The Affirmative Case
Preparing an affirmative case is all about research and organizing your research and your ideas. Research may be one of the most important skills you will learn in debate. This is the information age, and being able to mine information is like being able to mine gold.
You will need good evidence. It is nice if your case idea has articles and books written about it so that you can learn to marshal the data and facts to fulfill your purpose. Don't be afraid if there is a lot of evidence about your idea, because since you initiate this discussion you should almost always been ahead of your opposition if you know the literature.
Certain negative arguments on many topics become very predictable and very widespread. Identify the most popular generic negative arguments and then design your case so that it answers, better yet, turns these arguments. Unimaginative debaters will use the same generic arguments every time, and you want to be in a position to get victory after victory over them
Negative teams prepare most against the most popular cases. So, you might not want to use the affirmative case which is most common in your region. If your case is slightly unusual the negative team may well be unprepared and debating it for the first time.

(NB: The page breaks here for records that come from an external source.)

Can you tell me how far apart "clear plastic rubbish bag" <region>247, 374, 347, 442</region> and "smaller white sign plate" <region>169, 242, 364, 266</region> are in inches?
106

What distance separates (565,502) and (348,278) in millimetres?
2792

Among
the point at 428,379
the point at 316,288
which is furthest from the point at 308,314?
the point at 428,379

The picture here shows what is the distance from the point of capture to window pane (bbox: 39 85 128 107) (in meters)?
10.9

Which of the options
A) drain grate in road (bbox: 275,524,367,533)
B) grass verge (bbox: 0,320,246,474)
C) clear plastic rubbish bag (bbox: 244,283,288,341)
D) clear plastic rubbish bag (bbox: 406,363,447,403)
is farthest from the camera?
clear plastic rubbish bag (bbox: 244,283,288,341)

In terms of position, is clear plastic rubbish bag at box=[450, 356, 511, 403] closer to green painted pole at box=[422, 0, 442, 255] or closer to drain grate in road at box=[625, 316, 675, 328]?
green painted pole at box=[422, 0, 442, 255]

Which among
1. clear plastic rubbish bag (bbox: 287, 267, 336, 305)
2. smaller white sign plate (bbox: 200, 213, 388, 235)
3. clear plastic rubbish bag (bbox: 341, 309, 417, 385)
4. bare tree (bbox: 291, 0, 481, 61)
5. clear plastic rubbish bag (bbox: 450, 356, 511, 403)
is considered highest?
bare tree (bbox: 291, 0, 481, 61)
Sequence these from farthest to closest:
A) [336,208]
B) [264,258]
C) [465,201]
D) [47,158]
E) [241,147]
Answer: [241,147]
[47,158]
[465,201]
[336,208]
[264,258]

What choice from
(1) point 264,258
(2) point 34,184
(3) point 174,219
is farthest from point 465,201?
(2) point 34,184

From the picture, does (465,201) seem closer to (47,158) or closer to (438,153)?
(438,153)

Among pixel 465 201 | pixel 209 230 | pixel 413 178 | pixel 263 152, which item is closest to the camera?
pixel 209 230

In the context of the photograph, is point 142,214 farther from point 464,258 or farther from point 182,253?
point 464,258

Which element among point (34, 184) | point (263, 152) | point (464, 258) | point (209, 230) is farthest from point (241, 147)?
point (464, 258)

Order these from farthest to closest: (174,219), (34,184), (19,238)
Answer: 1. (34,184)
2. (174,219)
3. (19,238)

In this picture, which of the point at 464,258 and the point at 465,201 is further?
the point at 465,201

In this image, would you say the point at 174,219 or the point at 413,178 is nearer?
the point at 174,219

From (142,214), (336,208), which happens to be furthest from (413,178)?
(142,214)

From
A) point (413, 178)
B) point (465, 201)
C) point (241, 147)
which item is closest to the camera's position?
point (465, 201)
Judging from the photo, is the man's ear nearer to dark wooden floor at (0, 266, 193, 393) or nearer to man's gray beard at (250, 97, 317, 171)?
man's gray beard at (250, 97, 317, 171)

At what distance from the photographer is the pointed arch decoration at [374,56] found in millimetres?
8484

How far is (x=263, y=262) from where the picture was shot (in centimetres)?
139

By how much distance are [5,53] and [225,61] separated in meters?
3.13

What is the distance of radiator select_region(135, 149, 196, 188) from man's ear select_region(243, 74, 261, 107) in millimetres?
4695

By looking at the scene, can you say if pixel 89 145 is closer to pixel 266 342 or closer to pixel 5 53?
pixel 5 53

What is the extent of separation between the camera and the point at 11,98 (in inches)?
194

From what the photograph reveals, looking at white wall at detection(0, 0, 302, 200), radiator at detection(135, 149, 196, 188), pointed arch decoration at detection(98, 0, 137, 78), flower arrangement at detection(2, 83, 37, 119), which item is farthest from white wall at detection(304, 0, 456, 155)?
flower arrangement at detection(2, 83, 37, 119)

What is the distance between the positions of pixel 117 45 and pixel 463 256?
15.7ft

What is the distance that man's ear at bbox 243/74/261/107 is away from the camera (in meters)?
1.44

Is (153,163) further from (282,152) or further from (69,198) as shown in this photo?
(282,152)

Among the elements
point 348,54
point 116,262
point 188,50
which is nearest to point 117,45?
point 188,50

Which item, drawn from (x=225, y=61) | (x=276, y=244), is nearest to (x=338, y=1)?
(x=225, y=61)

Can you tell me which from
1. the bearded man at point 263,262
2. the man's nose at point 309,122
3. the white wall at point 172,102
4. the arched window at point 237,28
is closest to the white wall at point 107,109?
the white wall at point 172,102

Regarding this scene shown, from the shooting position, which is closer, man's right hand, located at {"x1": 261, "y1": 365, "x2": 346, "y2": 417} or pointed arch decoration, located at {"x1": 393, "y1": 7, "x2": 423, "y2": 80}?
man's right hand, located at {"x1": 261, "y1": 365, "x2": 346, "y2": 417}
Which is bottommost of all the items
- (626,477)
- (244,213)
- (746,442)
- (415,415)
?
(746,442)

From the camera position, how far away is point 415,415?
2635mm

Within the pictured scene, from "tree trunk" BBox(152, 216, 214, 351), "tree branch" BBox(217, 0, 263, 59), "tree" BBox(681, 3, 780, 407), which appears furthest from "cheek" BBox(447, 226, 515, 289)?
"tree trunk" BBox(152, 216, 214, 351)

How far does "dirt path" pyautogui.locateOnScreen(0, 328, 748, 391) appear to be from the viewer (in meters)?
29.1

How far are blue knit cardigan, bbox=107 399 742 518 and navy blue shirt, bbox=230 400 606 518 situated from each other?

Attacking the affirmative case
One of the defining characteristics of debate is clash. Specific disagreement is what judges look for in deciding who did the better job of debating. The center of that clash experience is the negative team's analysis and refutation of the first affirmative speech -- the affirmative case.
Many debaters are tempted to go down each argument used by the affirmative in the case structure and analyze it separately. While in a perfect world with unlimited speech time this would be preferable to show specific clash, in a limited amount of time this is impossible.
One of the most common errors which negative speakers make in attacking the affirmative case is"jumping around"from point to point and not examining the affirmative case in an organized manner. Most affirmative cases take a step by step approach to presenting the team's position, and is thus appropriate for negative refutation to be in that order. Also, if the case is taken in order it is easier for the judge to follow.
Centralize your argumentationAnother common organizational error committed by negative speakers attacking the affirmative case is that they repeat themselves.
This error is usually of one of two types. First, the negative speaker will repeat the same basic argument with mild rhetorical changes at more than one point on the case flowsheet. This fills speech time but does not act as an effective attack and is very easy for the affirmative to respond to, as they simply answer it once (very thoroughly) and then refer all repetitions back to this set of answers. Second, the negative speaker will put different arguments about the same general topic in several different places on the flow. For example, negative arguments about how unemployment does not cause health harms are placed in two completely different places on the flowsheet. In both cases the better options would be to put all of your arguments about a certain issue ("Unemployment does not cause health harms") in one spot, and not fragment or repeat them around the flow. Say it once and put it with other arguments of its kind
Refutation and attack of the affirmative case should be guided by a sense of strategy, not just a reflex action of disagreeing with everything the affirmative utters. Often some of the most useful arguments for the negative team can be what the affirmative has advocated.
SPECIFIC TECHNIQUES FOR ATTACKING THE AFFIRMATIVE CASE
Utilize challenges. A"challenge"is an argument which indicates inadequacies in the arguments of the opponent and urges their rejection or degradation as a result. Something is missing or imperfect about an argument. Perhaps an argument is missing a logical step, involves an argumentative fallacy, or confuses the specific with the general. These elements can be specified and pointed out in attacking the affirmative case.
Demonstrate its importance. Now that a problem has been found in a particular argument, it needs to be reevaluated based on this new characterization. The error that many debaters make is in assuming that because an affirmative argument is not perfect it should be rejected. Rather, it would be far more credible to say that the argument is not as strong or lacks relevance to the point it is trying to prove.The negative team should attack the affirmative case explicitly and immediately. This will gain them a refutational advantage as well as demonstrate to the critic the kind of clash which so many judges are looking for. Familiarity with a finite number of techniques can render the negative attack on the affirmative case far more effective.